1)      No pain or violence to one another.

2)      No collars, because collars are something you put on dogs.

3)      No humiliation, because I’m her equal, I’m just letting her take control during sex.

4)      No infantilism, cross-dressing or messing about with pee.

5)      No ball gags or “pro-dommey” outfits.  (I’m calling them that, her attitude was that she just didn’t like the accoutrements that she saw on TV.)

                Those rules were mostly for her.  I was right there with her on number 1 and 4, but I was interested in 2 and 3.  But for her to be comfortable, I was willing to write all that stuff off.  If I just got her to boss me around and let me lick her boots, I felt like, “Hey, it’s moreD/s  than I’ve gotten in the last twenty years, it’ll be enough.”  And our first session went according to plan.
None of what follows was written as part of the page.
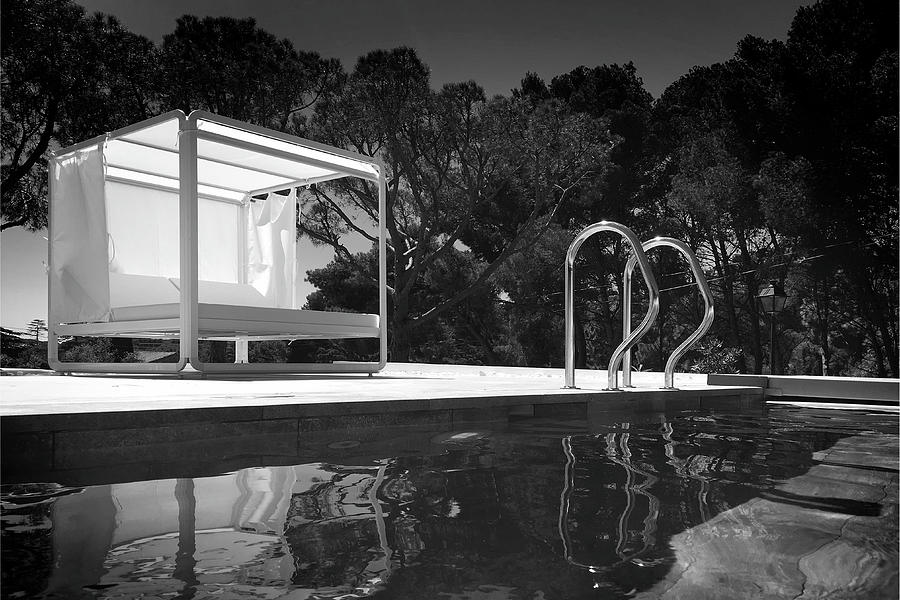 black and white kiddie pool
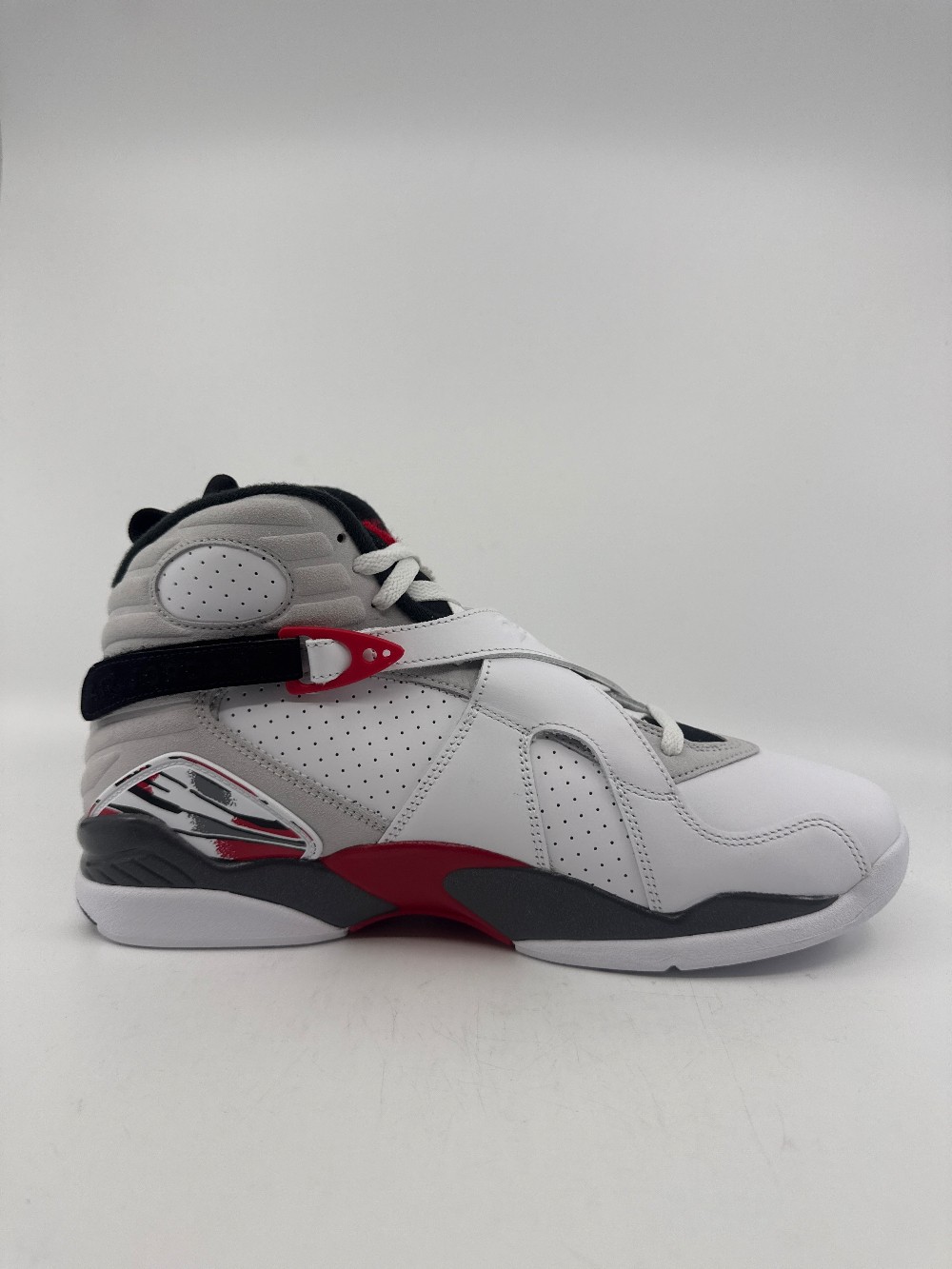 AJ 8 - WHITE TRUE RED (2025)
                But I’d underestimated our Evil Twins.  Because the first rule to fall was number 1.  Watching somebody flog somebody else is off-putting if you’ve never really messed around with pain-play, but we started with a little nipple-pulling and spanking, and by this weekend, my wife was lamenting the lack of a flogger or a riding crop in our arsenal, but was willing to make do with the belt.  (If anybody knows who has a good selection of crops, let me know, because it’s her Christmas gift, she’s decided.)

                Rule number 2 was the second one to go.  At first after she vacillated on this rule, she insisted that we avoid an actual dog collar or choke chain and go with a slave collar, because she felt the dog collar was too humiliating to me.  For the record, we were together for an hour after she decided to allow me a collar before she was gleefully fitting me with a choke-chain at “Petsmart” and then having a dog-tag engraved with my name and her own name under “Property of…”  A few hours after that, she was calling me her dog and her bitch as she plowed into my ass with “her cock,” as she calls it, neatly taking care of Rule 3. 

                We’re still not interested in the child’s play or dress-up, but there was pee-a-plenty, so Rule 4 has gone away at least in part, and we bought a shower curtain this trip to make cleanup easier and let us move out of the bathtub and onto the floor of our room.  (If anybody knows of any special mats or anything for this, let us know, please.)

                As for the ball-gags, she’s still worried about blocking my airways, but she’s comfortable with dirty panties being used as a gag, and her first clothing purchase was a PVC corset and garter belt to wear under a Catholic schoolgirl’s outfit she bought, a pleasant nod to my own love of her dressed up like a dirty soccer-mom stripper. 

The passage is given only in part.